== ASSIGNMENT ==
Print the line containing "Used Peugeot 3008" and each line after it through the end of the material below, exactly as it appears, but skip the pictures.

━━ RECORD EXCERPTS ━━

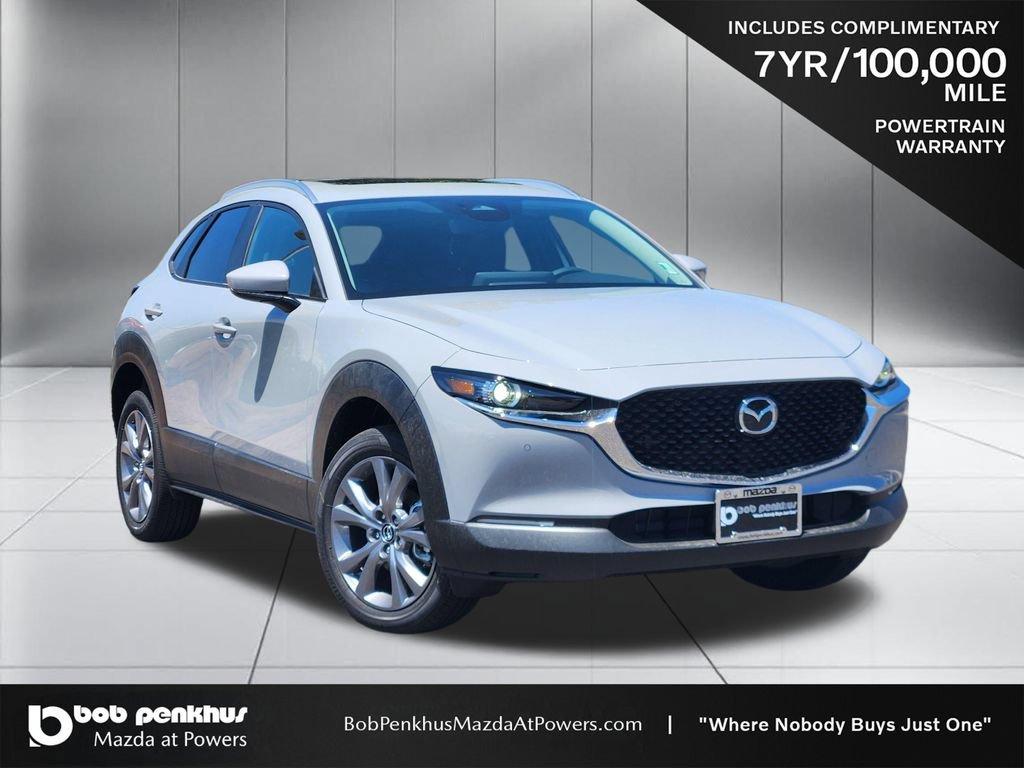 New 2026 MAZDA CX-30 AWD 2.5 S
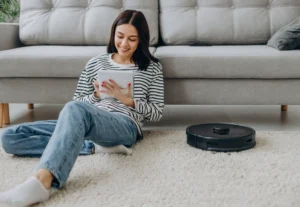 Read more about the article Transform Your Cleaning Routine with The Best Robot Vacuum Cleaner for Pet Hair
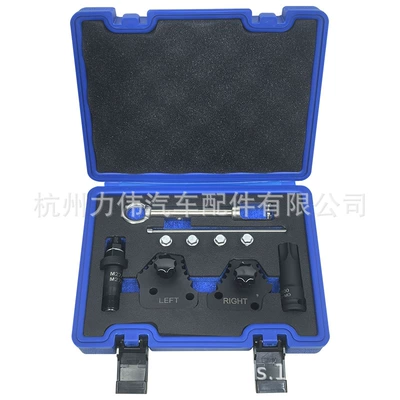 Suitable for Mercedes-Benz M276 Mühərrik alətləri - mercedes-benz-m276-engine-timing-gear-retainer-tool-fuel-injector-tool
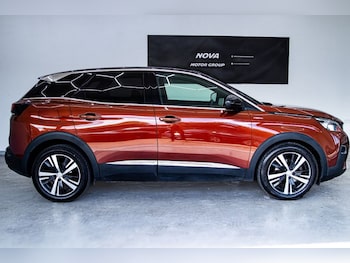 Used Peugeot 3008 2017 for sale - 75538067: Photo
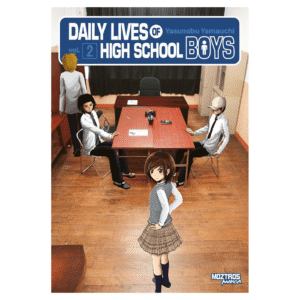 Daily Lives of High School Boys 02
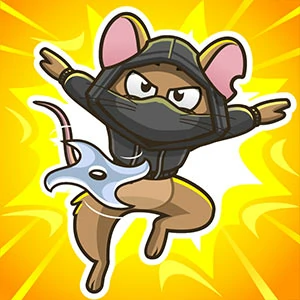 ninja jumps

━━━

== RESPONSE TO THIS EXERCISE ==
 Used Peugeot 3008 2017 for sale - 75538067: Photo
 Daily Lives of High School Boys 02
 ninja jumps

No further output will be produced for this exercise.